━━━━━ Data for processing

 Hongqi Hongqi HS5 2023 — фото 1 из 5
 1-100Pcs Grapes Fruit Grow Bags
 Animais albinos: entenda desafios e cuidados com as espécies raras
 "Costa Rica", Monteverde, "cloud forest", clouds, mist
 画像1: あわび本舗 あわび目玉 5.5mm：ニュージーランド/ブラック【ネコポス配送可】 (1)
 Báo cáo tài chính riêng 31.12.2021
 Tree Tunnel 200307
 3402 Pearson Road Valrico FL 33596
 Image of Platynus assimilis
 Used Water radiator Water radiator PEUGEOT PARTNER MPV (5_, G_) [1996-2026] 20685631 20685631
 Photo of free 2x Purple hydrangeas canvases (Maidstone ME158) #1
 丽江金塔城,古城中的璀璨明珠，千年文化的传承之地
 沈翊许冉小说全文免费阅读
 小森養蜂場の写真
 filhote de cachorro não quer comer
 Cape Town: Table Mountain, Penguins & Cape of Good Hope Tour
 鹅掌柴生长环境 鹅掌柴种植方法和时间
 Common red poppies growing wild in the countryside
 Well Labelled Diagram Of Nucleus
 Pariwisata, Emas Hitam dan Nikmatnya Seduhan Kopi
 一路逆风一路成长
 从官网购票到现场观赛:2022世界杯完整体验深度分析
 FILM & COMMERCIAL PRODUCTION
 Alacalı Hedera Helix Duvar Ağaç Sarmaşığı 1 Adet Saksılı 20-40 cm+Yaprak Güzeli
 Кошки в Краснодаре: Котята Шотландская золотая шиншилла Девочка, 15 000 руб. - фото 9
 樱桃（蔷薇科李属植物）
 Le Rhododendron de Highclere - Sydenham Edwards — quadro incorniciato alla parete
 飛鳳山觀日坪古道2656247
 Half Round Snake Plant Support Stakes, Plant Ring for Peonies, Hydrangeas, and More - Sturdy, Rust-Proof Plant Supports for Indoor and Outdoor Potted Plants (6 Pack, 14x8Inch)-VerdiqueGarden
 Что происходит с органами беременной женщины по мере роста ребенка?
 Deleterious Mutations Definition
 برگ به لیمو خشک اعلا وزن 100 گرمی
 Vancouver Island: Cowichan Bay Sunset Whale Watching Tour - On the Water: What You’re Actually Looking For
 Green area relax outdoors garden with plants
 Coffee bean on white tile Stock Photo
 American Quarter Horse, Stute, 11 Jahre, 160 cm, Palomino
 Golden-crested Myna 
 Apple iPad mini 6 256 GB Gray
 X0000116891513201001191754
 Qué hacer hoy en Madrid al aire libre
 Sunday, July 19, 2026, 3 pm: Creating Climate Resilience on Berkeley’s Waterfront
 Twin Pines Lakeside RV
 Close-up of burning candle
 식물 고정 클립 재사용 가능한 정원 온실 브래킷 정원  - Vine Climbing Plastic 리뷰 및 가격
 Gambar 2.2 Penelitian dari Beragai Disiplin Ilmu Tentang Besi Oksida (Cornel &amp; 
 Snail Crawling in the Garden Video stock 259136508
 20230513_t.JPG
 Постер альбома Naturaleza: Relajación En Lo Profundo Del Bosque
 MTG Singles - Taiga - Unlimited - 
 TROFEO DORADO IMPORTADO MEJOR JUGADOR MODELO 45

━━━━━━━━━━

#### About this task:
Write out exactly the lines that fall from the line with "Well Labelled Diagram Of Nucleus" to the line with "Alacalı Hedera Helix" in the records above, keeping both ends.

#### Output of the exercise:
 Well Labelled Diagram Of Nucleus
 Pariwisata, Emas Hitam dan Nikmatnya Seduhan Kopi
 一路逆风一路成长
 从官网购票到现场观赛:2022世界杯完整体验深度分析
 FILM & COMMERCIAL PRODUCTION
 Alacalı Hedera Helix Duvar Ağaç Sarmaşığı 1 Adet Saksılı 20-40 cm+Yaprak Güzeli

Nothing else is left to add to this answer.